Dr Franklin Ramirez Gallegos, of The Latin American School of Social Sciences, said, “It is about perceiving a territory as empty, without governments, without communities. That’s fundamental.”
“Afectado” Norma Pineda said, “People started to talk about the illnesses resulting from contamination about 20 years ago. That’s when we started to realise what Chevron was doing.”
Background:
Between 1964 and 1992, an area larger than Glasgow was scarred with 1,000 open toxic waste pits. 18 billion gallons of toxic wastewater was dumped, a practice outlawed in major US oil producing states.
Amazon Watch, a California-based non-government organisation (NGO), describes it as one of the worst environmental disasters on the planet.
Texaco was subsumed into multinational energy corporation Chevron in 2001, so Chevron inherited the lawsuit. After 18 years of litigation, an Ecuadorian court awarded the afectados $18bn in clean-up costs and damages, reduced on appeal to $9.5bn in 2011. In March 2015, the International Court of Justice in The Hague upheld this ruling.

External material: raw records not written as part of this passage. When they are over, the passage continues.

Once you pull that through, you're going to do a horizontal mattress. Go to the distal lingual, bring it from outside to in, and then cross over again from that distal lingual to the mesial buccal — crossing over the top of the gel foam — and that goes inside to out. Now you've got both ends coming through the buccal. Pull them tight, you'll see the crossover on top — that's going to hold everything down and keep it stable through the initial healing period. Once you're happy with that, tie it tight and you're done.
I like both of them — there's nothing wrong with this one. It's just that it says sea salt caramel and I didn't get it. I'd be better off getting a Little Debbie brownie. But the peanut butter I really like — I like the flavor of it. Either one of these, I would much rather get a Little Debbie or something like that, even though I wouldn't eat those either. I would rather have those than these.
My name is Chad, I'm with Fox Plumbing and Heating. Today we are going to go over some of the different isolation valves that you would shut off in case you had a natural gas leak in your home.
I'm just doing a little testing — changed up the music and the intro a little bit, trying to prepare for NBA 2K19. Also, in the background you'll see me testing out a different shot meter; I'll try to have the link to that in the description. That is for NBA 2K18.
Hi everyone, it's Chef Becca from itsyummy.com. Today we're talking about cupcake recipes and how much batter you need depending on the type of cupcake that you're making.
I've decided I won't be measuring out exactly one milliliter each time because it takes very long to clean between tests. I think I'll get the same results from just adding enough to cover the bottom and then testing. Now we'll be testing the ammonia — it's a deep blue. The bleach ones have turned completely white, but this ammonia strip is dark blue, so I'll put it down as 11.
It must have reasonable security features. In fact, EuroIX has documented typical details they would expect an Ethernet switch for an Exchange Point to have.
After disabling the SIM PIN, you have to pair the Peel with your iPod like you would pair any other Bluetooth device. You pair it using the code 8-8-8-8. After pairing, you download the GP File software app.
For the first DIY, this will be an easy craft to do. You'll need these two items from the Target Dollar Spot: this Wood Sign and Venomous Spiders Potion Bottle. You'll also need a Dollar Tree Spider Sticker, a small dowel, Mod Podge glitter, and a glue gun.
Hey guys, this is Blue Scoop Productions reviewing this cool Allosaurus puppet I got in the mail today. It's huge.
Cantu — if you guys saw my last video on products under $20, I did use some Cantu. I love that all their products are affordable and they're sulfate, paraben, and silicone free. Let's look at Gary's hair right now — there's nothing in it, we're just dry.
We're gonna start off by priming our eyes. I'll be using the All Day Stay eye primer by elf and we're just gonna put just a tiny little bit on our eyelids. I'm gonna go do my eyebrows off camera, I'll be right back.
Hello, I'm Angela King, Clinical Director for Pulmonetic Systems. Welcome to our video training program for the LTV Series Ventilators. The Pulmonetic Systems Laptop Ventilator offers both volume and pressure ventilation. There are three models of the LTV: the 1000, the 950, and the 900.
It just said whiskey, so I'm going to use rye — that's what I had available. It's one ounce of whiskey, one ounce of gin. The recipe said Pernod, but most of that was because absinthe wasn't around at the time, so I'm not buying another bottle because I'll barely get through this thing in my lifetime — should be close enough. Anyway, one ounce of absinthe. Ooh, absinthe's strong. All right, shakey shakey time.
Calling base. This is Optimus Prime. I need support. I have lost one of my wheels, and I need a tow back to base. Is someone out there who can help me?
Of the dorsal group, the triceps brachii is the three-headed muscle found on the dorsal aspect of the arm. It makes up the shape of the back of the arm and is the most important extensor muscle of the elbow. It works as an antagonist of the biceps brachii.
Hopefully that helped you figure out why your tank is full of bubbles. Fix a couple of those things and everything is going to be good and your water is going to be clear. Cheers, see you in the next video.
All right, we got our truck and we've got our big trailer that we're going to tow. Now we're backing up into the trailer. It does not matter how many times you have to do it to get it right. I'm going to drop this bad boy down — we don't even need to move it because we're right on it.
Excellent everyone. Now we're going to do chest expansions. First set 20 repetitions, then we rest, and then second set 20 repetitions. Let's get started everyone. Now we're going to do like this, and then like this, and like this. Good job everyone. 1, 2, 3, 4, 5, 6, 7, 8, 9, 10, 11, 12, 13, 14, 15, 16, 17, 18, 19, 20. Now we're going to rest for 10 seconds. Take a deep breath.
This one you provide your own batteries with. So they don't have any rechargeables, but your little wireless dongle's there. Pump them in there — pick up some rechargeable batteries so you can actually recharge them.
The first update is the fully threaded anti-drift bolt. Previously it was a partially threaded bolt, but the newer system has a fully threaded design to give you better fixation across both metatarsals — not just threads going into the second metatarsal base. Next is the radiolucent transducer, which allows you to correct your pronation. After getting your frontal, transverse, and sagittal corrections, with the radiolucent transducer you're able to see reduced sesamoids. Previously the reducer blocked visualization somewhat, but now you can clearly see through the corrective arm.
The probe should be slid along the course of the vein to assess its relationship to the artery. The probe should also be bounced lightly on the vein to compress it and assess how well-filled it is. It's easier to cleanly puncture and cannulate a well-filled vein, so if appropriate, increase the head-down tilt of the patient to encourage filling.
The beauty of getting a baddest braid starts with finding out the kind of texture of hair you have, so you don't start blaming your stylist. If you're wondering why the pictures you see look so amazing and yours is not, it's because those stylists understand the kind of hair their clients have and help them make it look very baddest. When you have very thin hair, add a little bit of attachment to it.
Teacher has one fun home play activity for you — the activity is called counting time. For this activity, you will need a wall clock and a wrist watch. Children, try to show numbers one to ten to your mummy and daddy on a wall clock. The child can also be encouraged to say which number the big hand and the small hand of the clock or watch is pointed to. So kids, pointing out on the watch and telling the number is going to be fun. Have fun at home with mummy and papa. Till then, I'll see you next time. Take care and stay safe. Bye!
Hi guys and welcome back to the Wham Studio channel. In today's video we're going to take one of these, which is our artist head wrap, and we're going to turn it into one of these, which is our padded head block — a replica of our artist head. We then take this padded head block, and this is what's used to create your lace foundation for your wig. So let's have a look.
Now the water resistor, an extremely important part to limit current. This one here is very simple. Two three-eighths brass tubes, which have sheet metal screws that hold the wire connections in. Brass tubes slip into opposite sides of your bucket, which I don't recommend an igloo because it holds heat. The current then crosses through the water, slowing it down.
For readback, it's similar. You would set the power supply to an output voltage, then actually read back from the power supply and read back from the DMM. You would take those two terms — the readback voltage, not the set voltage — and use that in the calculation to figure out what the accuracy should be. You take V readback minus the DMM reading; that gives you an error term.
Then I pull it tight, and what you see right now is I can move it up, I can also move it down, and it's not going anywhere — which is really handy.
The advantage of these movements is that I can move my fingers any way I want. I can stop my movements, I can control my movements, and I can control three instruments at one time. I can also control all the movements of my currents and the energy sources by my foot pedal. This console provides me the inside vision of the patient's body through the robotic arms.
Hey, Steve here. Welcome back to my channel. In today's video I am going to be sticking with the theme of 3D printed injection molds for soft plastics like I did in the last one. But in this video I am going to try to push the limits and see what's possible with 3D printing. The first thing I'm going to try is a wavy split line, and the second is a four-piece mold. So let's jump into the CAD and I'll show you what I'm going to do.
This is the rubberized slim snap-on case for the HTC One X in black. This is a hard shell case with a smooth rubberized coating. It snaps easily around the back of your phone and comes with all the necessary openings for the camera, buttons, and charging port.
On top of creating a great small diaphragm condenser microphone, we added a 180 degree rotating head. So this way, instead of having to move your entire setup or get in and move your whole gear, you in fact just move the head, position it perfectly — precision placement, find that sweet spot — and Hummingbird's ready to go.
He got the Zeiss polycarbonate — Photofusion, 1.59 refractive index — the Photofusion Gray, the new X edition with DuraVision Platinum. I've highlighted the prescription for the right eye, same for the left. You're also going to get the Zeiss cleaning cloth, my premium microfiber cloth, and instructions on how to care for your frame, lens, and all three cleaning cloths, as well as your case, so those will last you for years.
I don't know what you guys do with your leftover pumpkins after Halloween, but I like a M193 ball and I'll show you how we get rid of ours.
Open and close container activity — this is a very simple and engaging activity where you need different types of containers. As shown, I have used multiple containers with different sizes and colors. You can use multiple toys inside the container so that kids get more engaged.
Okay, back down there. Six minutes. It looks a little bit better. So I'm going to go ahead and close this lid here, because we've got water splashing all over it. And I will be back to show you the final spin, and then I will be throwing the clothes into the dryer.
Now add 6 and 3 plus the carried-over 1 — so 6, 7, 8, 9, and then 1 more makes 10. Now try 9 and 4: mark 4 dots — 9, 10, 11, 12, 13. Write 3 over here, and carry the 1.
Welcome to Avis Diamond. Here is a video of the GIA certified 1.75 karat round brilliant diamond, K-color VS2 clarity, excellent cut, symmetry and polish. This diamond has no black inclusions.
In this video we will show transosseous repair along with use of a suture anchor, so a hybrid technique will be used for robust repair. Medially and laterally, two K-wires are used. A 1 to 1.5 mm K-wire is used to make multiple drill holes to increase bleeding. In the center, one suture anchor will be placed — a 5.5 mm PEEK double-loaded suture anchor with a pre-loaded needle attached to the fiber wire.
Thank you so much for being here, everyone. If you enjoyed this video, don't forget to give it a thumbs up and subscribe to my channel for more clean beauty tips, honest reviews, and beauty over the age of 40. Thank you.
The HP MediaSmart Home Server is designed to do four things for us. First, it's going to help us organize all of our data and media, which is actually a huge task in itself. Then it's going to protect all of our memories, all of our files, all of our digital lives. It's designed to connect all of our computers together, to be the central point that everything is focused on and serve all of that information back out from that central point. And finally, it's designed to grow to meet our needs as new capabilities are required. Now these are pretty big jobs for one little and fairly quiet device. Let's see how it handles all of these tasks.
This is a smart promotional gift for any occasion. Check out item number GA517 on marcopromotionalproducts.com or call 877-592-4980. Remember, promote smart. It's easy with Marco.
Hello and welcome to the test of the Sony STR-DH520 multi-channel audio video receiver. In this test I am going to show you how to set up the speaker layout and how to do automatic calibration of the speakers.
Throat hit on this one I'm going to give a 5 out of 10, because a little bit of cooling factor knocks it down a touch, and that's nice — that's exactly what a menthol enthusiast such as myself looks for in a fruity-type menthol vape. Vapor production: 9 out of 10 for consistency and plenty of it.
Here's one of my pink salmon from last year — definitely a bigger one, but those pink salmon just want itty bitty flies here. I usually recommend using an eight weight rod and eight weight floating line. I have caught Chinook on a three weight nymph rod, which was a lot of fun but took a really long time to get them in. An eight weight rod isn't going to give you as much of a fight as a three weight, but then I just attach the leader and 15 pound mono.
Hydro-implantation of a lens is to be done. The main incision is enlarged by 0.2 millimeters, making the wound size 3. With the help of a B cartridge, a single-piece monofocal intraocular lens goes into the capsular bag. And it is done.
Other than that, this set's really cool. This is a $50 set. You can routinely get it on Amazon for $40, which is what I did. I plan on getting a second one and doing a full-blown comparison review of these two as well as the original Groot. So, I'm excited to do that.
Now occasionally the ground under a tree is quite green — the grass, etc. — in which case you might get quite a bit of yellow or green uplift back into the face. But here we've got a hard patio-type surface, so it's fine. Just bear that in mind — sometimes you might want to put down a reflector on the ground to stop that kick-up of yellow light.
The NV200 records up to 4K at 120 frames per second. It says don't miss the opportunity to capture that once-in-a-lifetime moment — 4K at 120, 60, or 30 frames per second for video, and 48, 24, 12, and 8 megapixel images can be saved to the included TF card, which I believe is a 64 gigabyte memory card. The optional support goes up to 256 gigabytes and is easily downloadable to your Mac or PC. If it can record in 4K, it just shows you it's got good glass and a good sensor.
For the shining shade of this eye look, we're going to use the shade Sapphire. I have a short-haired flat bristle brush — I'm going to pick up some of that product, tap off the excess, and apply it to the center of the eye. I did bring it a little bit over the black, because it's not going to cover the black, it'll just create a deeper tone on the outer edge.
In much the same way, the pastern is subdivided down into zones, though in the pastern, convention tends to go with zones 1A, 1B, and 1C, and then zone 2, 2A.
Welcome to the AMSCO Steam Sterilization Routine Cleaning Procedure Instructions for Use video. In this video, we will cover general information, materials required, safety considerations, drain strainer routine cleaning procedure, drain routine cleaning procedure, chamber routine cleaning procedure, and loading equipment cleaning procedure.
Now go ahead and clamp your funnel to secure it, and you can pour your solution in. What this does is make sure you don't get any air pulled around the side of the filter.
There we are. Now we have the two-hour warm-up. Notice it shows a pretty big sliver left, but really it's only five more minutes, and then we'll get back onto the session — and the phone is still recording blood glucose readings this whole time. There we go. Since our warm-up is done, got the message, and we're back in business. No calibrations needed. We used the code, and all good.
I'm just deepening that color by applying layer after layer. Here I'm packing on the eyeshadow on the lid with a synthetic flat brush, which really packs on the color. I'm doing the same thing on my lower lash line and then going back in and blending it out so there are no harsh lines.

Chevron vigorously denies the allegations and maintains that Texaco’s methods were in line with the standards of the day.
Production info:
Directed by Mark Donne
Shot and edited by Joe Morris
Narration by Julie Christie
Soundtrack by Jim Carey and Drew McConnell
Location sound and dubbing mix by Inventive Audio
Colourist Joseph Bicknell
Produced by Mark Donne and Joe Morris for Brass Moustache Films.
Julie Christie starred as Lara in Doctor Zhivago, won the 1965 Academy Award for Best Actress for Darling and received further Oscar nominations for McCabe & Mrs. Miller in 1971, Afterglow in 1997 and Away from Her in 2006.
The United Fruit Company is from Pablo Neruda’s tenth book of poems, Canto General, first published in 1950.
Previously a writer for The Independent and The Guardian newspapers, Mark Donne is a London-based film-maker. His most recent documentary feature “The UK Gold” – a collaboration with Thom Yorke of Radiohead and 3D of Massive Attack – was critically acclaimed and nominated for the “FACT” Journalism Prize at CPH:DOX in Copenhagen.